For the past few months I have been working on this project to bring OpenCL closer to GNOME technologies, and today I’m glad to make the first public announcement. For the uninformed reader, OpenCL is a framework and language for writing programs that execute across heterogeneous HW pieces like CPUs, GPUs, DSPs, etc. While not applicable to any piece of software, OpenCL can unleash unparalleled performance and power efficiency on specific heavy algorithms like media decoding, cryptography, computer vision, big data indexing and processing, physics simulation, graphics, image compositing, among others.
Gocl is a GLib/GObject based library that aims at simplifying the use of OpenCL in GNOME software. It is intended to be a lightweight wrapper that adapts OpenCL programming patterns and boilerplate, and expose a simpler API that is known and comfortable to GNOME developers. Examples of such adaptations are the integration with GLib’s main loop, exposing non-blocking APIs, GError based error reporting and full gobject-introspection support. It will also be including convenient API to simplify code for the most common use patterns.
Gocl started as part of the work and research we do at Igalia on HW acceleration, that I decided to take a bit of, clean it up and release it in a way that can be useful to others. OpenCL is gaining relevance and popularity since the number of implementations and supported chips have grown significantly in recent years. Soon we are going to see OpenCL running anywhere and GNOME technologies should be ready to take advantage of it.
Full gtk-doc documentation is available, and source code is hosted at my GitHub account.
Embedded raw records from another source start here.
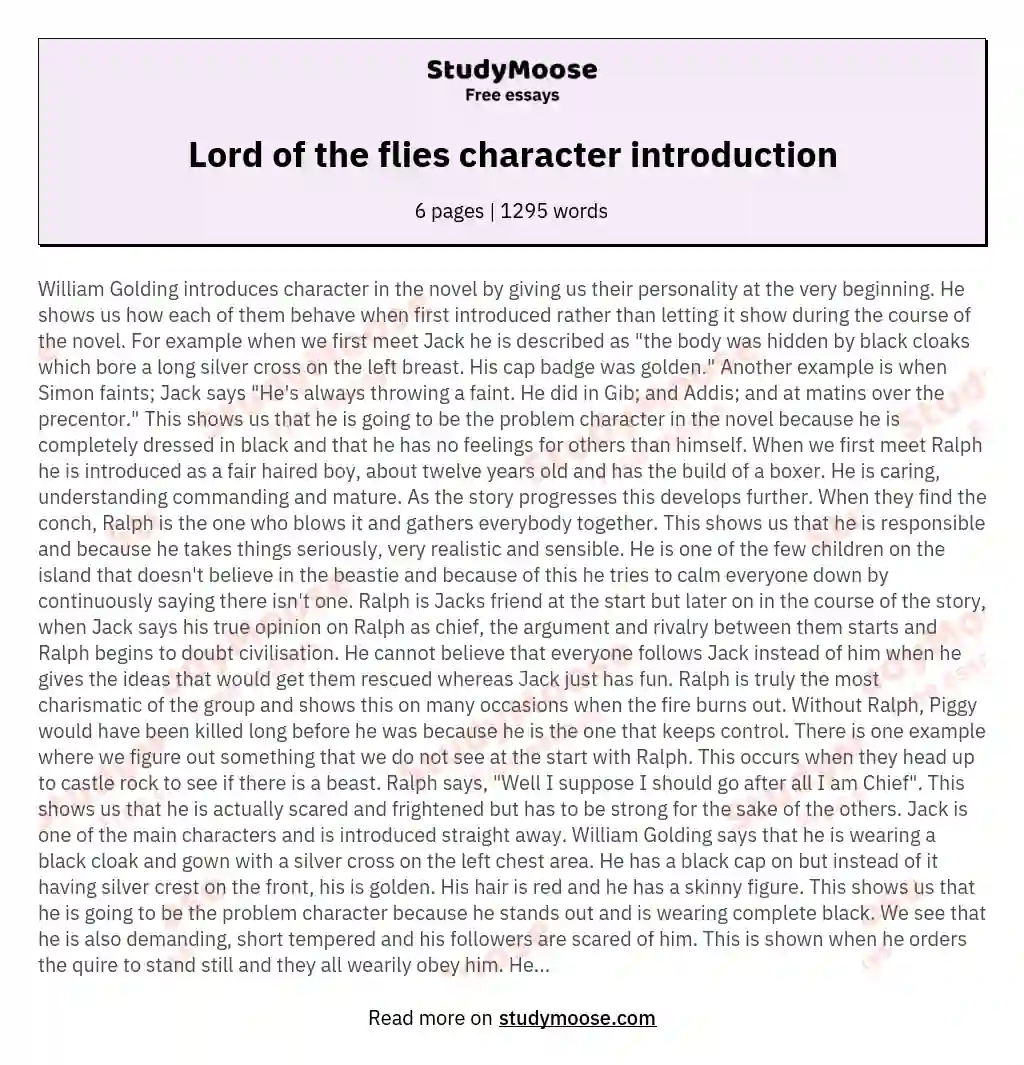 lord of the flies character essay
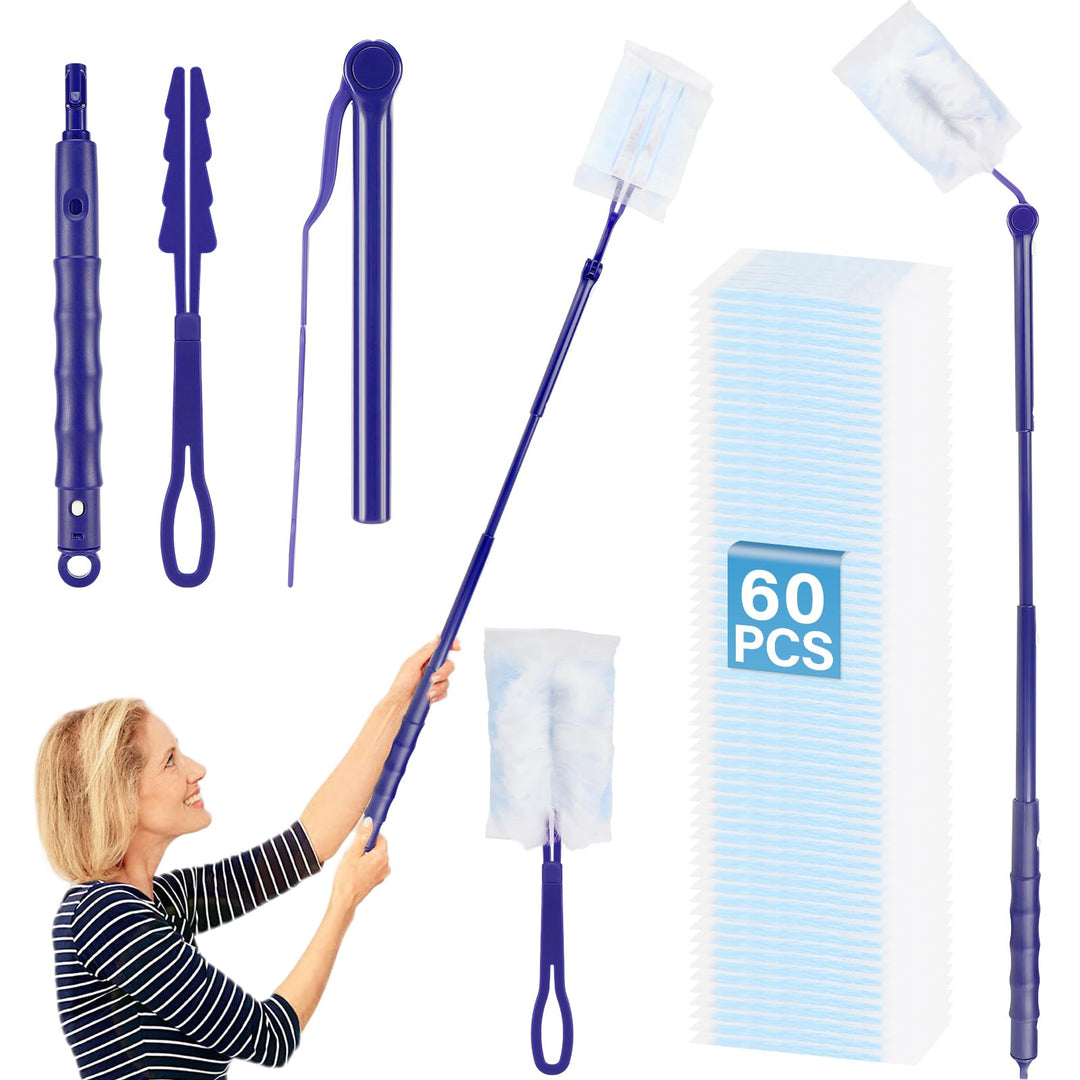 Kasanni 60 Stück Staubmagnet Duster, Staubmagnet Nachfüllpack Set, Staubwischer mit 2 Handgriff, 360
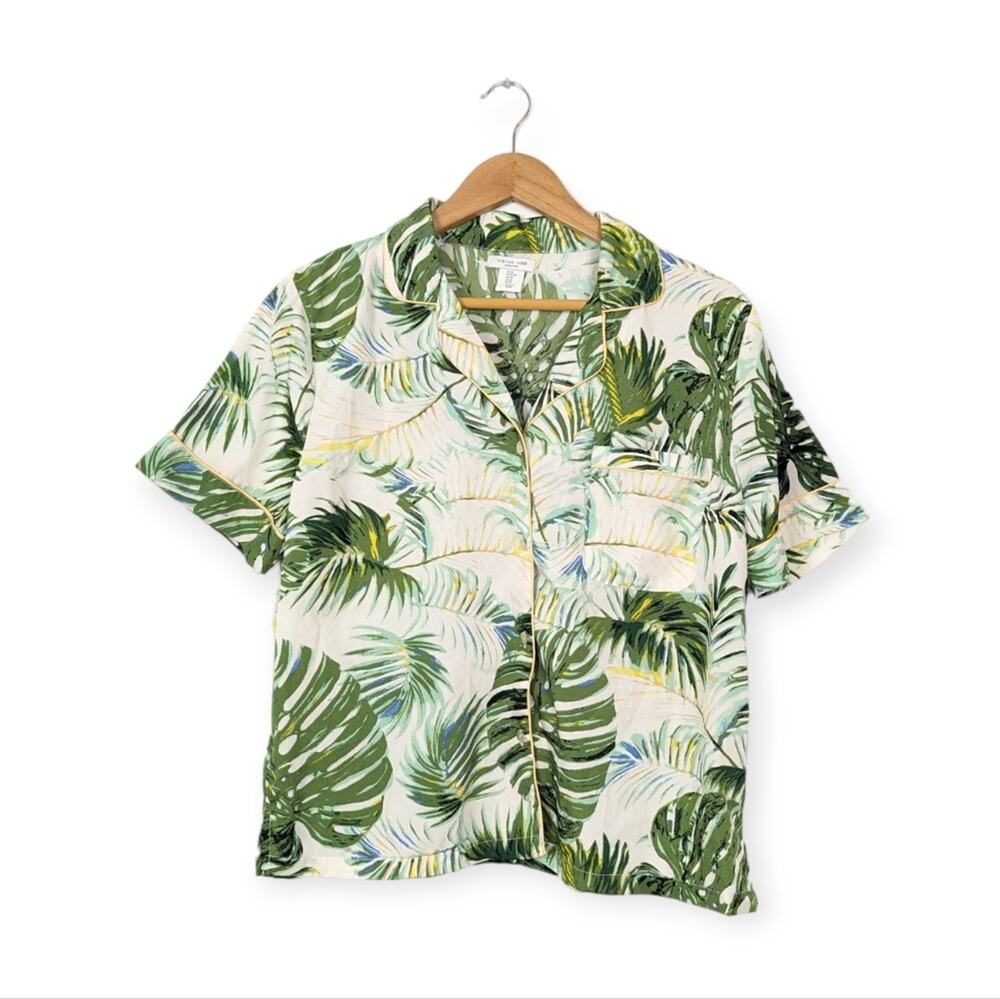 Tabitha Webb Sleep Wear Tropical Leaf Print Pajama  Shirt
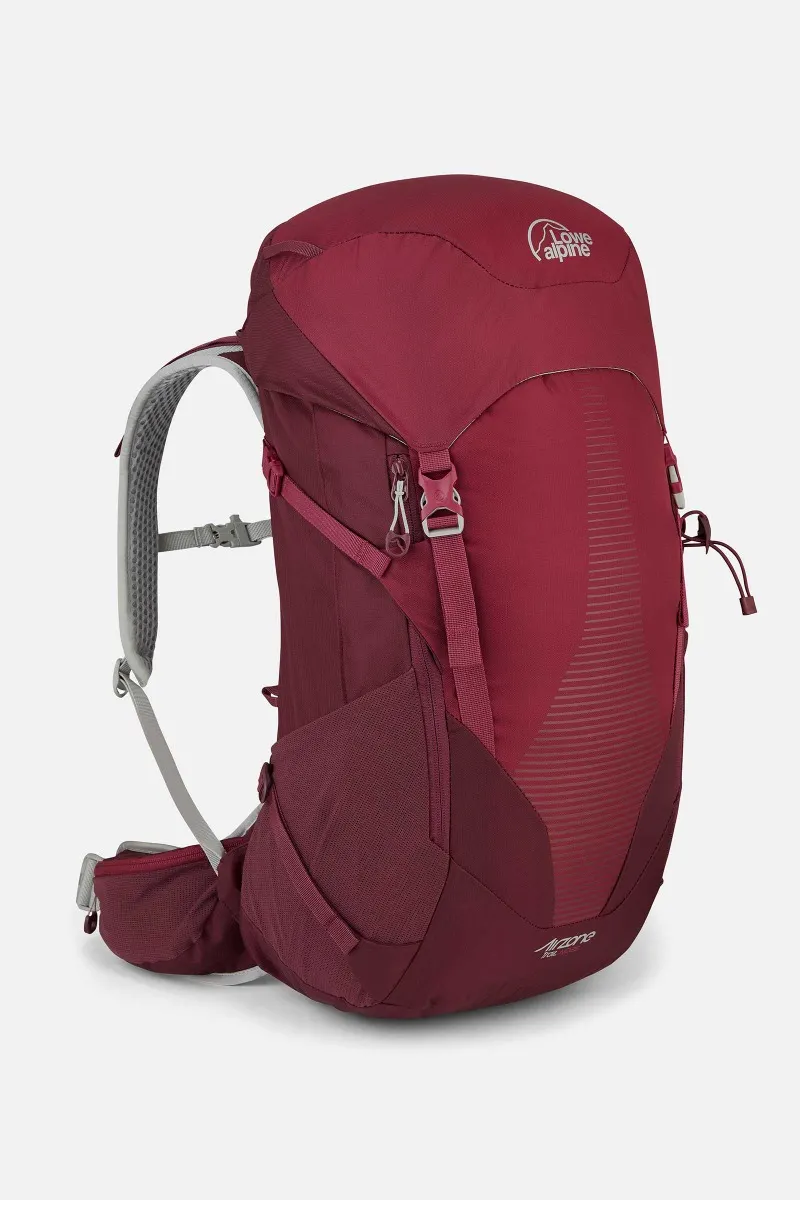 【【蘋果戶外】】Lowe alpine AirZone Trail ND28 莓紅【28L】女款登山背包 透氣網架 附防雨套 登山旅行旅遊自助上班上學後背包 休閒背包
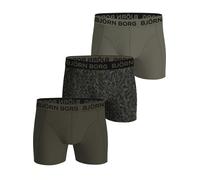 Boxer sportivi da uomo Björn Borg Cotton Stretch 3P - brown/print - Verde (XL)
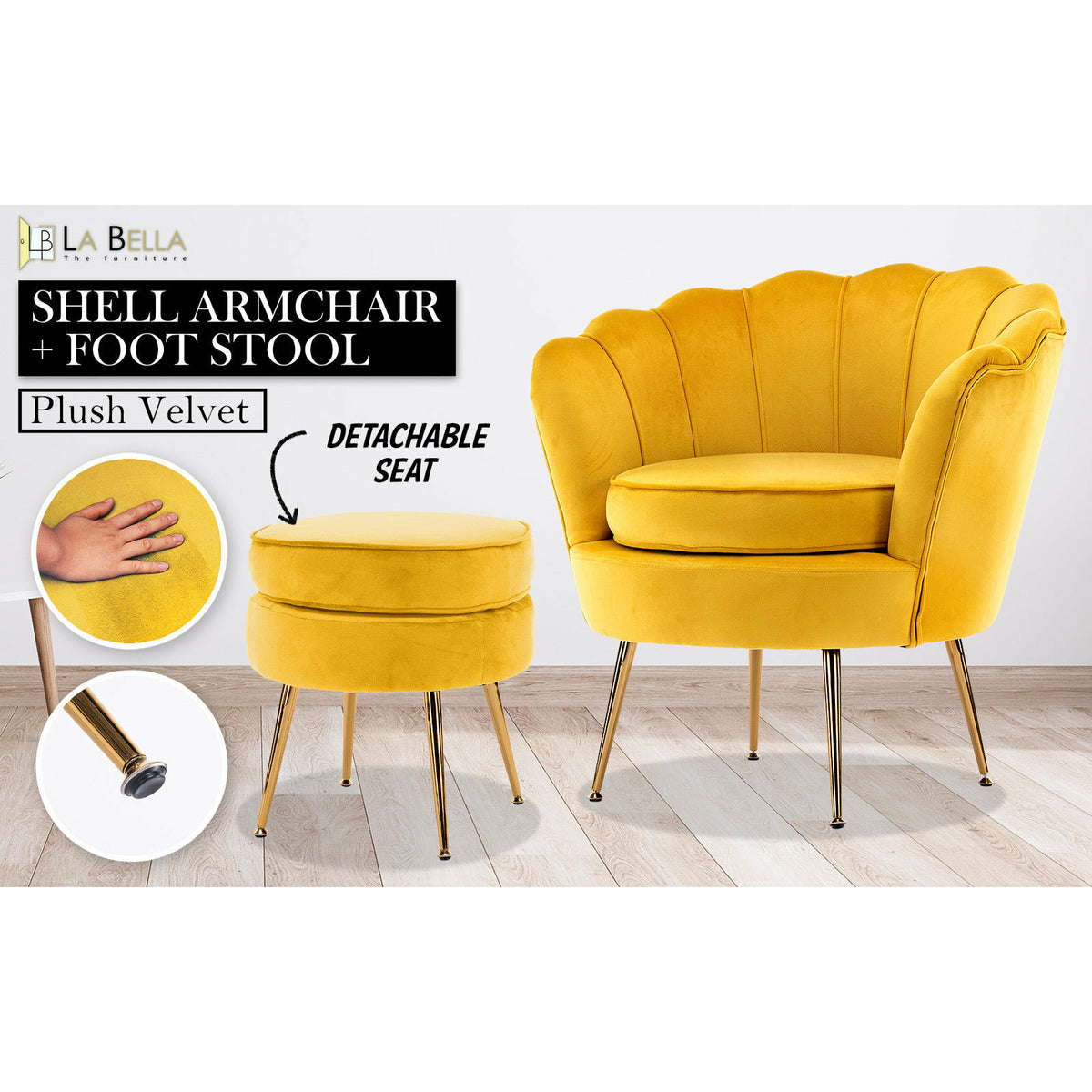 La Bella Shell Scallop Yellow Armchair Accent Chair Velvet + Round Ottoman Footstool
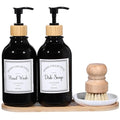 Zopeal 4 Pcs 16 oz Kitchen Soap Dispenser Set with Bamboo Tray and Dish Brush Plastic Soap Dispenser Set with Waterproof Labels for Hand Dish Lotion(Black) - color: Black
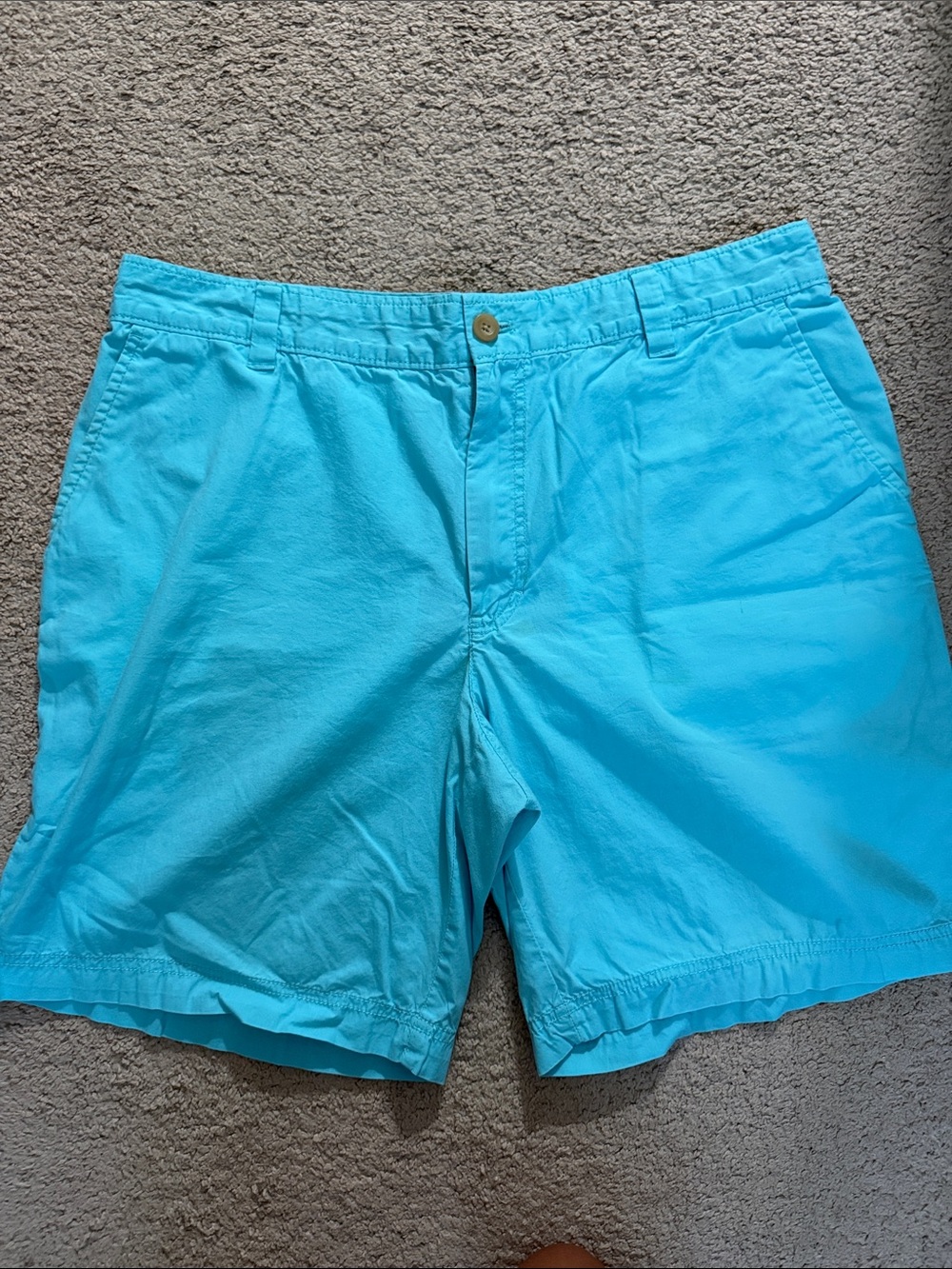 Izod Men's Turquoise Flat Front Cotton Shorts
The API is very simple and limited at this stage, and should be considered very unstable. Although I’m not currently working on it full time, I do have kind of a roadmap for the API and features that I will prioritize:
- Completing the missing asynchronous API
- Adding API to query available OpencL extensions
- Provide API to expose cl_khr_gl_sharing extension, for object sharing with OpenGL
You are welcome to suggest/request features that you would like to see in Gocl, as well as propose changes on the API. The GitHub issue tracking at project’s page is available for that, and also to report bugs.
So, do you know of a specific piece of software in GNOME that could potentially benefit from OpenCL? I would love to hear about it.
At Igalia, as part of our strong commitment to make the Web better and faster, we are already looking into ways of applying OpenCL to WebKit and its related technologies, and I’m personally interested on that line of work.